Configurations proposal

Duncan Coutts duncan.coutts at worc.ox.ac.uk
Sun Oct 29 12:08:18 EST 2006


On Sun, 2006-10-29 at 18:26 +0200, Einar Karttunen wrote:
> On 29.10 14:56, Duncan Coutts wrote:
> > We do have to bear in mind how hard it'll be for cabal-get to be able to
> > do dependency analysis. The decisions we make about optional
> > configurations has a big impact on this. It also has a big effect on how
> > easy it is to make 'native' packages for distros which typically don't
> > have extremely sophisticated dependency systems.
> 
> Why not simply use a single file like: cabal-get.conf that contains
> flags for packages like:
> 
> syntax = line+
> line   = PACKAGE-REGEXP ':' flags
> flags  = <empty> | ['!'] flag flags

Gentoo does something like this.

> I don't think there is a sensible way for enabling random flags
> without the user asking for them.

> Normally packages should just be built with defaults.

Yes.

And this should be fine because the package author gets to set the
defaults based on aspects of the environment.

> > There's also the important issue of binary packages. We're all used to
> > building from source which gives us a lot of flexibility, but most users
> > expect binary packages. For example Debian and most other commercial
> > distros and Windows of course. It is important that we be able to make
> > sensible binary packages.

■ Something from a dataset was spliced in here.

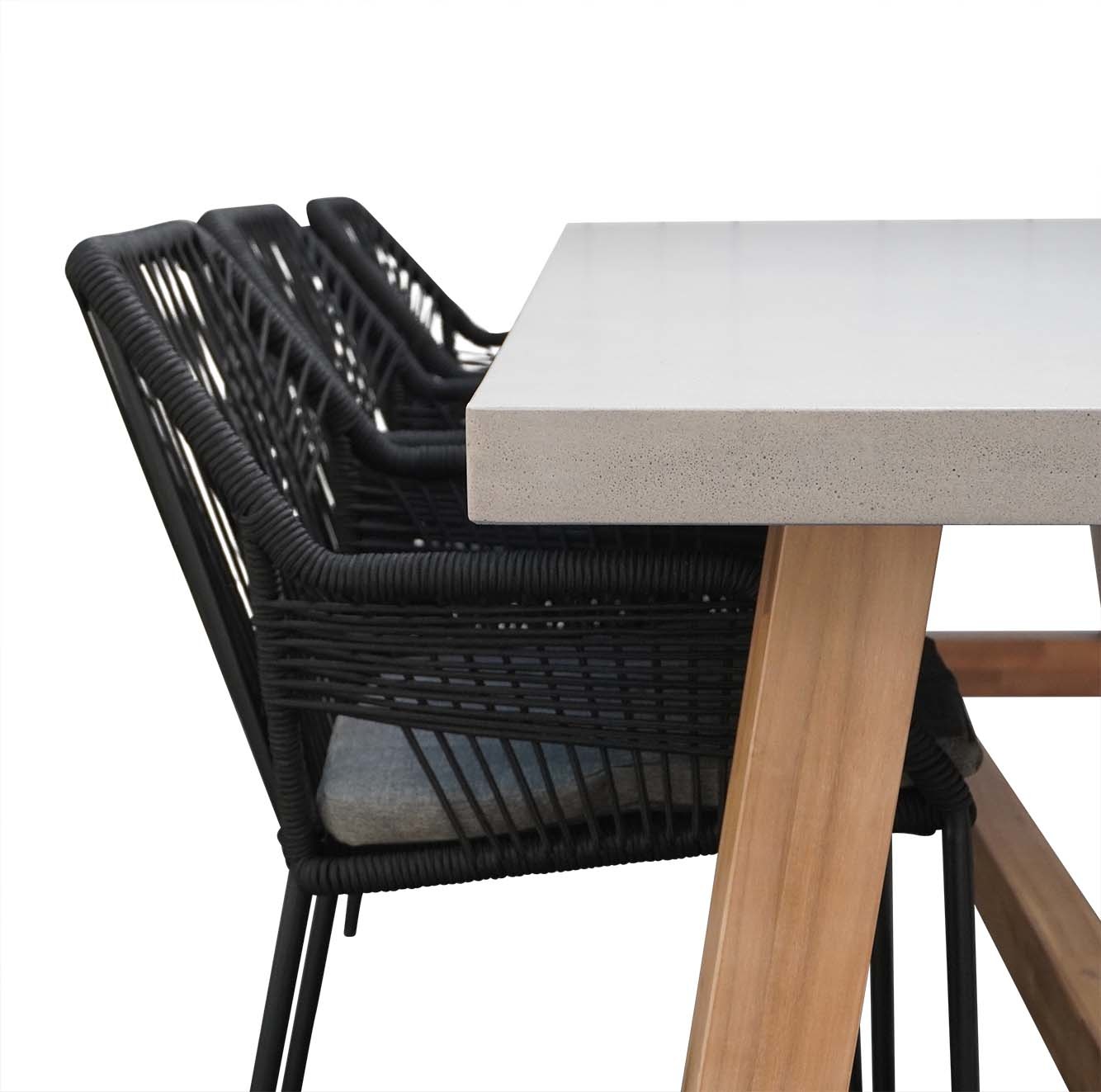Veltis/Seville zwart dining tuinset 7-delig | betonlook | 250cm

If the configuration language encourages
> > package authors to go too crazy and one would need 2^n different binary
> > packages then I'd say that we've failed.
> 
> This is no different than from configure switches for autotools
> packages - and they don't lead to 2^n different binaries - and
> there is no technical measure preventing packagers to do evil
> things depending on the flags with autotools.

True, true.

There is social pressure not to do silly things. Especially packagers of
binary distros tend to put pressure on to make optional parts into whole
other packages, or they sometimes do this manually.

For example you often get packages which can have N optional backends.
In the source build this might be done by using lots of --enable-foo
flags. However a binary package either has to pick a fixed set of
backends or split the package into multiple binary packages, one for
each backend.

It'd be good if we didn't need to make binary packagers' lives harder by
making them split source packages into multiple binary packages.

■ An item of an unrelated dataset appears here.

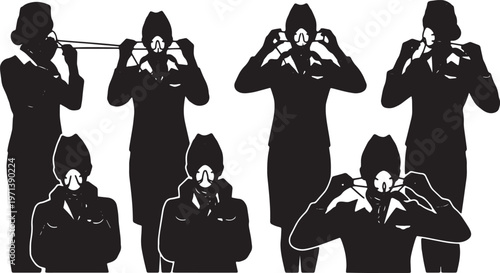 Black Solid Flight Attendants Safety Procedures Silhouettes Set of Six on White Background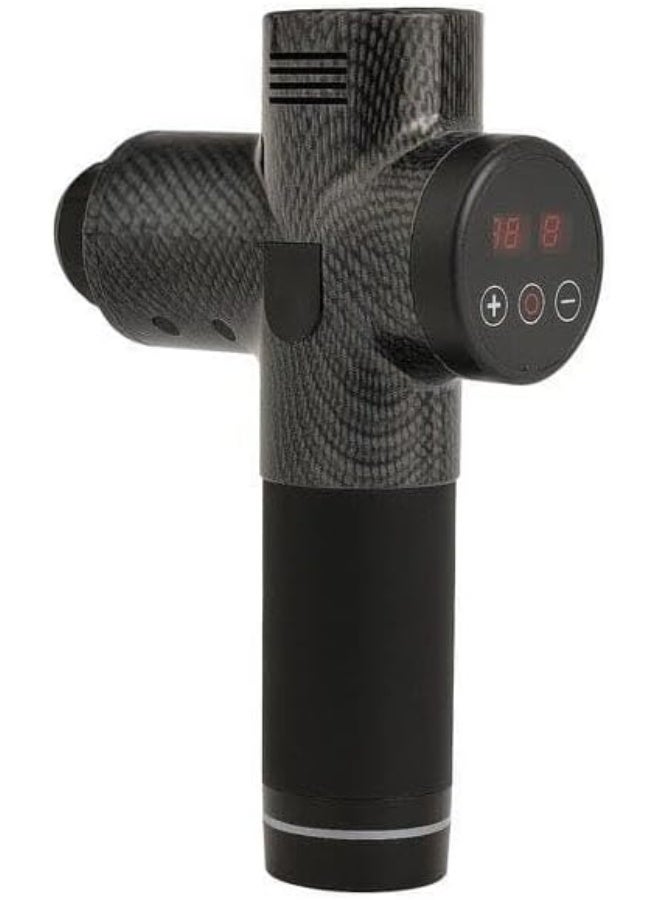 Massage gun with 30 speeds and 6 heads in a metal case with an LCD touch screen - Image 3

> > Remember that the main use case of configurations is just to cope with
> > minor things like modules moving from one package to another or slight
> > differences in the way things are implemented on different platforms or
> > Haskell implementations.
> 
> Yes, and we should concentrate on making it simple and intuitive to do
> right. Trying to ban the bad ways of doing things seems to complicate
> things.

Look at it this way: currently you cannot change the set of exposed
modules at all. Is there any demand to be able to change them? What is
the use case?

Is there any reason to add a feature to Cabal to let them be modifiable
except that it'd be an easy feature to implement?

My point is we're not banning anything, we'd simply be not adding a
feature that would be easy to implement.